For others, they may only know Christianity & rejecting it, reject all religion. Or they may just be unbelievers in the supernatural in general, who resent the Christian culture that raised them (not necessarily the family that reared them, if you take my distinction) for demanding a belief they find daft.

The “everyone else is evil” belief is one of the most prominent corruptions of the Christian church. I believe that much of it comes from people interpreting the Bible with an agenda already in place. If people read it with the intent to find “ammunition” against another belief system, they will find it. Then they will defend their findings, often viciously.
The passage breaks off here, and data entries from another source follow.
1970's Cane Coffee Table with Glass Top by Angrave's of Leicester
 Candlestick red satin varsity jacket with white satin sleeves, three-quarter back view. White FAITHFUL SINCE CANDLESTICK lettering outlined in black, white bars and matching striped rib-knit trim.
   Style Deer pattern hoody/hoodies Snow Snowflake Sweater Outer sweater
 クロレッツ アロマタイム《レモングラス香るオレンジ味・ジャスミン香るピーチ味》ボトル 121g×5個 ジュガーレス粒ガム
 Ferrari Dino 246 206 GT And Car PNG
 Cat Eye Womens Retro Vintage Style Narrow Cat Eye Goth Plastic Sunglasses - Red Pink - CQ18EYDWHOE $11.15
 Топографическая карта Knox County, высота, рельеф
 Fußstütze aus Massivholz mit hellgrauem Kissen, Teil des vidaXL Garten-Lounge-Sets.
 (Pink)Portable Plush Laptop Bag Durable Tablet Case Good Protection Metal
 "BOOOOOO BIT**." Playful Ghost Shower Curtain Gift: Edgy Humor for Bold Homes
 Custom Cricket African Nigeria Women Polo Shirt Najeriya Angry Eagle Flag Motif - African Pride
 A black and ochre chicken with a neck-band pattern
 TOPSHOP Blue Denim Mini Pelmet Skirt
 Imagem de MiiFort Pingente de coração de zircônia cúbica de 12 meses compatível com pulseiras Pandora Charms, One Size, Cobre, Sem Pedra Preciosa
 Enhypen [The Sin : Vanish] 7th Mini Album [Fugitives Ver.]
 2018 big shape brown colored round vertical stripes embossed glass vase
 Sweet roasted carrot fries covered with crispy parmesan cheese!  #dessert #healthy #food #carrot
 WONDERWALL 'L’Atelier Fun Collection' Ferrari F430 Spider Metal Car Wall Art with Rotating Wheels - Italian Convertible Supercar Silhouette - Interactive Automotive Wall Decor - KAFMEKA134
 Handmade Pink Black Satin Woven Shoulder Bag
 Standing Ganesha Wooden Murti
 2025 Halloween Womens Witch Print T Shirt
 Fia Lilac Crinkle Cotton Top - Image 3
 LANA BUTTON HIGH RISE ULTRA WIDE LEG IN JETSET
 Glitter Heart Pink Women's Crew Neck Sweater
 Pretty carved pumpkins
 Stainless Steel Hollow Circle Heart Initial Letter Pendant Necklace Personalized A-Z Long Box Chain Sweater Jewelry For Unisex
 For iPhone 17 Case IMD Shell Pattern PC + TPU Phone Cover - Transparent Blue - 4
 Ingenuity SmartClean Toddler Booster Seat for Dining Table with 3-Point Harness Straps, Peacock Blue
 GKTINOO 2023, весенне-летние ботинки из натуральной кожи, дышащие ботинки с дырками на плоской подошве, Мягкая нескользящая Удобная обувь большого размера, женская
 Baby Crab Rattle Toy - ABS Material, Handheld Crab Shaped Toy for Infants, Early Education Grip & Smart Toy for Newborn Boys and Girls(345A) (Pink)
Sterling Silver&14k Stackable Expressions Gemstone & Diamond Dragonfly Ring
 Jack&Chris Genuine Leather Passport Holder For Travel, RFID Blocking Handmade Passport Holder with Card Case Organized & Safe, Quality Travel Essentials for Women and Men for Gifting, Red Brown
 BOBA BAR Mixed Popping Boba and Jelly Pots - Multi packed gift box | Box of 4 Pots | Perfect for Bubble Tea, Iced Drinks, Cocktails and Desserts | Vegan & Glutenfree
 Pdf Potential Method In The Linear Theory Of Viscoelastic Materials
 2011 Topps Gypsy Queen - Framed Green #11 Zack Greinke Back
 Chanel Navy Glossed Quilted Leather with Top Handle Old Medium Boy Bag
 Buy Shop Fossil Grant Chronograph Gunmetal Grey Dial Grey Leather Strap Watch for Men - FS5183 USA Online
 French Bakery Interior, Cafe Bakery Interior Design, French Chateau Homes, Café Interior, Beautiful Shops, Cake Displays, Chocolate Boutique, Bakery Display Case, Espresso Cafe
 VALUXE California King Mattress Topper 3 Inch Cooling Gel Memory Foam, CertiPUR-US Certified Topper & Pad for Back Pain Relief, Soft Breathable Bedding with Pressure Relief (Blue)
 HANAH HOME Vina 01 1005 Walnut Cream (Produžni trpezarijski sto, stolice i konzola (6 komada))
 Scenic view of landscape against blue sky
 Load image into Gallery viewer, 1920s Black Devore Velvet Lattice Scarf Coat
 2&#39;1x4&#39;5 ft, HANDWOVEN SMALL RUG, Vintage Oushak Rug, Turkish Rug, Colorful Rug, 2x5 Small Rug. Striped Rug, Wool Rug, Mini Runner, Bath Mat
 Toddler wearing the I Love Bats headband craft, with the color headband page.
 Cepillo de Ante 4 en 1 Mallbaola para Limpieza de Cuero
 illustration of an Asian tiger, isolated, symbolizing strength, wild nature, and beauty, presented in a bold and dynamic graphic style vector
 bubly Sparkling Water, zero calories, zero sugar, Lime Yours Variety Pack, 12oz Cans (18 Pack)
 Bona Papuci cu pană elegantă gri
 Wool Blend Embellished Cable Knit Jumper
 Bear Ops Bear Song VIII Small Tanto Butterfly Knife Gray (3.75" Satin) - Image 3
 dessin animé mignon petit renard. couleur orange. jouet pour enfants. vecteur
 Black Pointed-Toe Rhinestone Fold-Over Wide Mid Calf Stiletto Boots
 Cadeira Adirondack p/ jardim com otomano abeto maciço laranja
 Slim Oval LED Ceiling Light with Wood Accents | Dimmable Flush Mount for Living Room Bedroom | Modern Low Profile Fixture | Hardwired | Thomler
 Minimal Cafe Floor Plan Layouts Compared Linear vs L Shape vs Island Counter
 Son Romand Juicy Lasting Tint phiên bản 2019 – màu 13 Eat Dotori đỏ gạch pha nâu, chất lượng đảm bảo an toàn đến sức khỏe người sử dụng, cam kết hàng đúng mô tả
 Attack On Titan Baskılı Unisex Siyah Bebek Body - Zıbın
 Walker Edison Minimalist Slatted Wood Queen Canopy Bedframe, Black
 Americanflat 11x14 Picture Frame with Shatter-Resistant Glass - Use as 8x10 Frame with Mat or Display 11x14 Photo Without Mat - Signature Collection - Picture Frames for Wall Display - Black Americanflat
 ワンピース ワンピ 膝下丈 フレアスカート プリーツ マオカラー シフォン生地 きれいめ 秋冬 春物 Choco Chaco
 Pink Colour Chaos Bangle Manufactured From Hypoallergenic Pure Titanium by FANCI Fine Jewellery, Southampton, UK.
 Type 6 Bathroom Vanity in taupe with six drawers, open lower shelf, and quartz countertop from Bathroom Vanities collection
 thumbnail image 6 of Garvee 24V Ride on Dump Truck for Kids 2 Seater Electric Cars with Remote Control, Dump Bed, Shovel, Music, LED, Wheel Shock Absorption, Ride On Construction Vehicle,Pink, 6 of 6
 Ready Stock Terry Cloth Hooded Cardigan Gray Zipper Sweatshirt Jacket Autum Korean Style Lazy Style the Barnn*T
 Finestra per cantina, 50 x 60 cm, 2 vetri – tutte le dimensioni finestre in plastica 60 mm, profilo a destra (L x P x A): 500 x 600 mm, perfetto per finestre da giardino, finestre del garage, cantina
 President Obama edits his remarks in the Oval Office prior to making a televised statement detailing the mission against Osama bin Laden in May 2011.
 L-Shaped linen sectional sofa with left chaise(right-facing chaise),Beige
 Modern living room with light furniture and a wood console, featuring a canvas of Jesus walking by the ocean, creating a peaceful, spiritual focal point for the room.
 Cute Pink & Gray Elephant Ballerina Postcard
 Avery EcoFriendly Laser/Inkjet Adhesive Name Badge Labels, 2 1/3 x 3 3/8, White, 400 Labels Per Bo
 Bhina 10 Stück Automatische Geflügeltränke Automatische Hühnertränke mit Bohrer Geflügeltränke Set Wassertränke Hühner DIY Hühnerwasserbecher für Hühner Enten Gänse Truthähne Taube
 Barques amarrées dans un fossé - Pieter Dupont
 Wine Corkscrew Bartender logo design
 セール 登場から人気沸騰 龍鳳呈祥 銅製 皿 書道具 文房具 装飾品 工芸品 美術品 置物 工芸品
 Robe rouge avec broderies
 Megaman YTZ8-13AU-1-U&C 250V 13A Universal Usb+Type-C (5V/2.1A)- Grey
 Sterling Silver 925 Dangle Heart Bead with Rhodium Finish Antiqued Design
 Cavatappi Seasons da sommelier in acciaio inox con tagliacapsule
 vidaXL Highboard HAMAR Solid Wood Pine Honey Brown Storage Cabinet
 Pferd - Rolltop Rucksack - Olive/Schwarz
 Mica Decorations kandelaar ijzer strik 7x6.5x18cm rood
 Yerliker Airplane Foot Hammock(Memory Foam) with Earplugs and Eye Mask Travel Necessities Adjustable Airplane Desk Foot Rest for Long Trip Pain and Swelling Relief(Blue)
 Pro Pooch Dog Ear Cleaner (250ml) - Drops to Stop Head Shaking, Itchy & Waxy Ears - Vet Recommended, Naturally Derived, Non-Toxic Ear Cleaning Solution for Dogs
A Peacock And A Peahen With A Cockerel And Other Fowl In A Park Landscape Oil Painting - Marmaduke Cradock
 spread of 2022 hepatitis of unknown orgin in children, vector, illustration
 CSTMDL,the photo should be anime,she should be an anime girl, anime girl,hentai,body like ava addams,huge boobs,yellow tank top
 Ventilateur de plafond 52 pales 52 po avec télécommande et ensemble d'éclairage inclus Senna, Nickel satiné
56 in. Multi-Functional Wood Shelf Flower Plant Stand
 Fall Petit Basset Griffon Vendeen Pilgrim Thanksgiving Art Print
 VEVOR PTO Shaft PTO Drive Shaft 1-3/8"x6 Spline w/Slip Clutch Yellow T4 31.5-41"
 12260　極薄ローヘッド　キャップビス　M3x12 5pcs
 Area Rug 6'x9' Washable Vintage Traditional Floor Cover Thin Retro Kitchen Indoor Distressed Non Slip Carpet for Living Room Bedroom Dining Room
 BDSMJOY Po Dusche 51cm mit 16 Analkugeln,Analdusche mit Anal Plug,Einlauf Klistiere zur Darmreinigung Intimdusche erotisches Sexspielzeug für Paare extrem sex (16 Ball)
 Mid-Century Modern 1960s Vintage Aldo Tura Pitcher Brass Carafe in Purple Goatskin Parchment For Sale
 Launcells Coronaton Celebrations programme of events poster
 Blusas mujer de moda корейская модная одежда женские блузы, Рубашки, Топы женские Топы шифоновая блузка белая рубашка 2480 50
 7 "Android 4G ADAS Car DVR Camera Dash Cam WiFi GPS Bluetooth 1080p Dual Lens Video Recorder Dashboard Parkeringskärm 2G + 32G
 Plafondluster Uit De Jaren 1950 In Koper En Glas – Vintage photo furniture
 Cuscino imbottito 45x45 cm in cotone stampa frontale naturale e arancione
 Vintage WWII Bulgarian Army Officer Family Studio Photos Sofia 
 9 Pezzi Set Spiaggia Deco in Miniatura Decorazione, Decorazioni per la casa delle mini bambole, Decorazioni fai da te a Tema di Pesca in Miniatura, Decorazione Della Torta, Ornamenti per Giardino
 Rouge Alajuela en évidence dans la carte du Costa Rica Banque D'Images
I see Jesus as a radical pacifist. That alone doesn’t jive with some of the animal instincts in humans, so it is met with aggression (he was, after all, executed). I think that a lot of churches see their own aggression as a counter-attack, even though they (the church) are the ones initiating the hostility.

It is too bad that the church has infected itself with an urgency to turn all of the “lost souls” into tithing pew-warmers at the expense of the turn-the-other-cheek-ittude in the philosophy of Jesus. I think it’s a great philosophy, even for those who don’t care to see Jesus as anything more than an influential dude. Regardless of what anyone thinks of him, there are several pearls of wisdom in the quotes attributed to him, many of which are conveniently overlooked by hate-preaching churches.

Corruption ? It’s always been the Christian norm. It’s the Christians pushing for tolerance who are corrupting Christianity. Corruption towards good, but still corruption.

Hats off to whoever snuck that “love your enemy” thing into the Bible. That really threw things off the intended path.